Qwen Core Team Turmoil, OpenAI and Google Release New Models in Rapid Succession | AI Daily

March 5 AI roundup: Qwen team turmoil, new models from OpenAI, Google, MiniMax, and Volcano Engine.
March 5 saw intense AI industry activity: multiple core leaders left Alibaba's Qwen team, reportedly due to conflicts over shifting performance metrics from technical indicators to DAU/MAU, exposing deep tensions between fundamental research and commercialization. Meanwhile, MiniMax released Music 2.5+ with new instrumental creation capabilities, OpenAI launched GPT 5.3 Instant with improved conversational naturalness, Google released the cost-effective Gemini 3.1 Flashlight, and Volcano Engine announced Seedance 2.0 video generation API pricing. The industry shows three clear trends: intensifying talent mobility, accelerating model iteration, and broadening application scenarios.
March 5th was an eventful day in the AI industry: MiniMax released a new version of its music model, multiple core leaders at Alibaba's Qwen departed in succession drawing widespread attention, and both OpenAI and Google launched new models. This article covers the day's key developments and provides in-depth analysis of industry changes.
Qwen Core Team Shakeup: A Dispute Over Performance Metrics?
Lin Junyang, the technical lead of Alibaba's Qwen large language model, announced his departure. Several other core leaders of the Qwen LLM have also left in recent weeks, triggering widespread concern across the industry.

According to insiders, these departures may not have been entirely voluntary. Sources indicate that upper management changed the performance metrics for the foundational R&D team to Daily Active Users (DAU) and Monthly Active Users (MAU) — a classic consumer product evaluation approach that is clearly inappropriate for measuring a foundational model research team. The value of fundamental research typically manifests through technical breakthroughs and long-term accumulation, not short-term user growth metrics.

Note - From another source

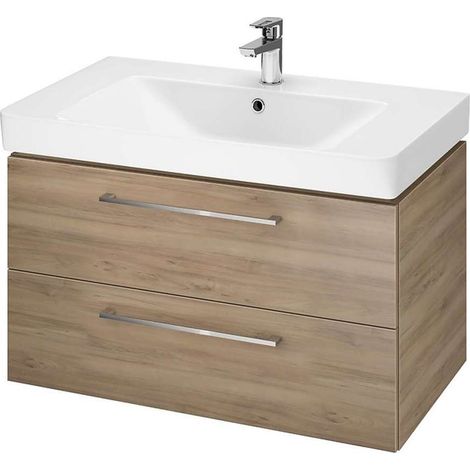 Cersanit Lara - Waschtisch mit Unterschrank, 45x79x45 cm, 2 Schubladen, Walnuss S801-339-DSM
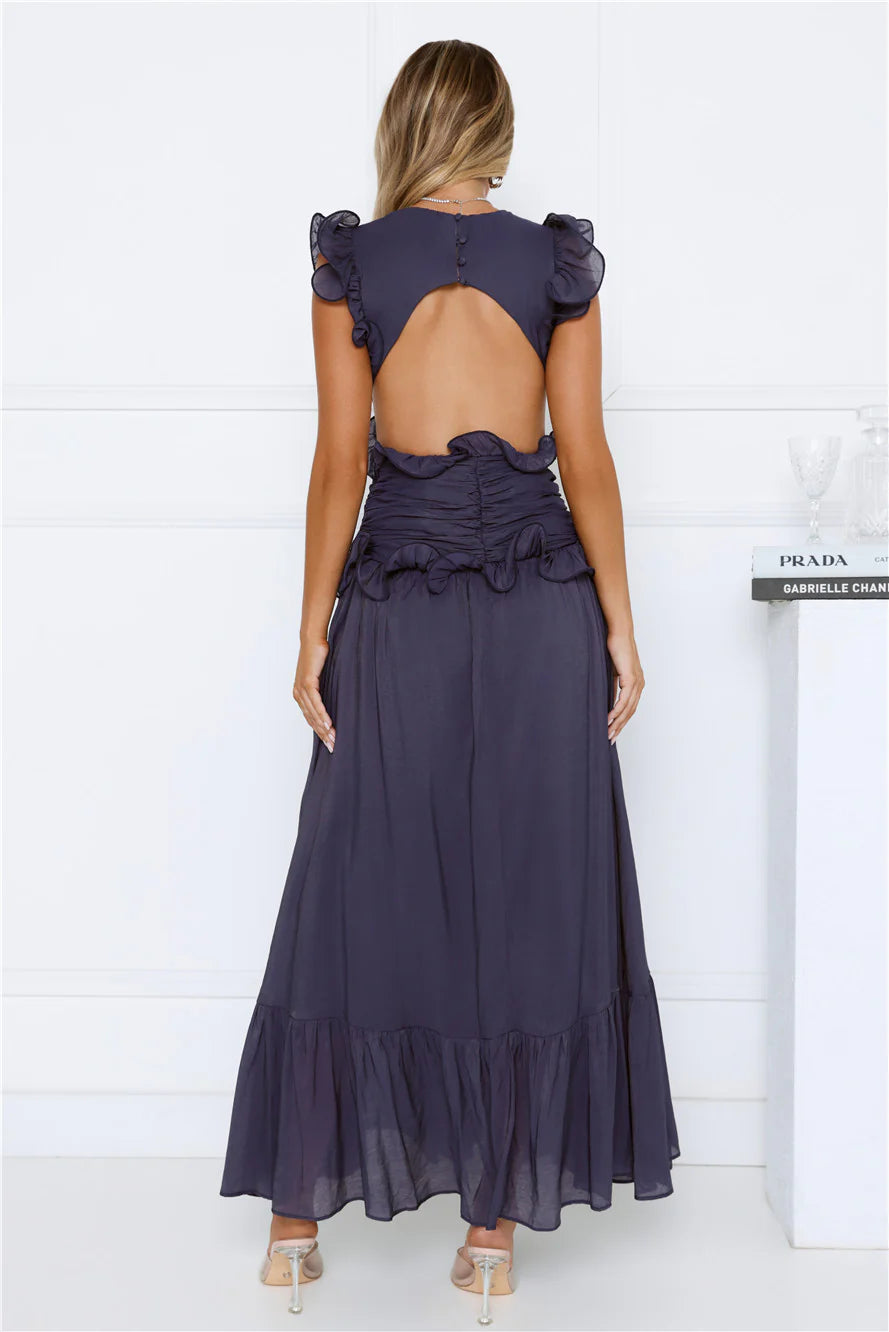 Flowy Maxi Plunging-Neck Ruffle-Sleeve Open-Back Evening Dress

This controversy reflects a common tension during the AI industry's transition from "technology-driven" to "product-driven" development. In academia and early AI labs, evaluation systems for fundamental research typically revolve around technical indicators such as paper publications, benchmark rankings, and model capability breakthroughs. Internet companies, however, naturally lean toward quantifiable growth metrics. As a tech giant rooted in e-commerce and cloud computing, it's not unusual for Alibaba to transplant consumer product thinking onto its foundational model team, but the side effects are equally significant — foundational model R&D cycles are often measured in years, and short-term user data cannot reflect the true value of technical accumulation. This mismatch easily leads to confused team objectives and ultimately drives core talent away.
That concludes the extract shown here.